The latest settlement... until the next one.

If you're reading this, you know about it so I'll spare you the review.

My take: it's good for B of A and has good implications for Financial Guarantors too. How can that be?

Well it shows BofA's GSE reserves were about half of what they should have been but BofA will not be wiped off the face of the earth. And this is pleasing to both sides. Look at the stocks today.

Every settlement that doesn't point to exploding investment banks is good for both sides. For the banks it's obvious. For the guarantors it's deeper than just ability to pay. The more the GSE's and uninsured private labels take care of themselves or are otherwise distinguished from the guarantors, the less danger of a rush to the courthouse.

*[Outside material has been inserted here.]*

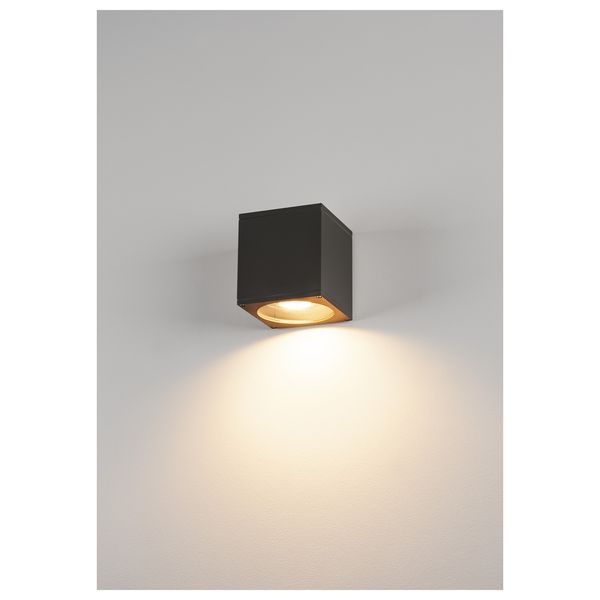 BIG THEO WALL OUT WALL LUMINAIRE, ES111, max.75W, anthracite image 3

This is the case because the the court system enforces the law with economic incentives in mind. This applies to both judicial and the real economics. Most literature on the subject is focused on long-term incentives. With that in mind, if a ruling would cause one of the biggest investment banks to explode and confidence in all others to evaporate, judge Bransten might still be given pause. Talcott Franklin's innovation was actually a negative to the bond insurers. If Bransten looks out West she can see Bill Gross and his gang perched on the grapevine or the Fed down the street staring right back at her.

Now for the uninsured private labels, securities law provides some distinction from the suits brought by the guarantors. Every 10B-5 dismissal is a win not only for the investment bank/securities underwriters but also the guarantors. If the FG industry can pull in 30B without creating a rush to the courthouse from their winnings, the result is intuitively pleasing in the limited sense of having punished the banks significantly while leaving them standing and restoring the FG industry. If there is little chance of more suits following, exemplary damages could come into play. However, compensatory damages could easily be made large enough to create sufficient deterrence. Start with claims paid and go to legal fees to unearned profits to the cost of financial distress. What will restore a bankrupt Ambac to what it would have been? (Those dollars would flow to the sr. unsecureds if your curious. Quote 13/15 on the 11's. A post on Ambac and implications of ACA Holdings is currently past due. In short, a bet on Ambac Sr. Unsecured is a bet that the ACA/Goldman ruling was (or could be with a probability of about 0.5%) a reliable precedent for CDO fraud.) But as is my way, I have meandered into unbridled speculation.

The point I started to make is that there is room for the costs to grow to investment banks without hurting their prospects. Now, this was acute in especial with BofA. They were under-reserved by roughly half with regard to the GSE's and only (as far as I can make out) have about $500M reserved for insured and uninsured private label (the lion's share of which is probably for Assured.) The $100B discount to book value says the market doesn't buy it, but that is plenty of ground for guarantors to win huge and BofA to prove out. It is also ground in which any greater traffic to the courthouse is manageable for banks and Bransten alike.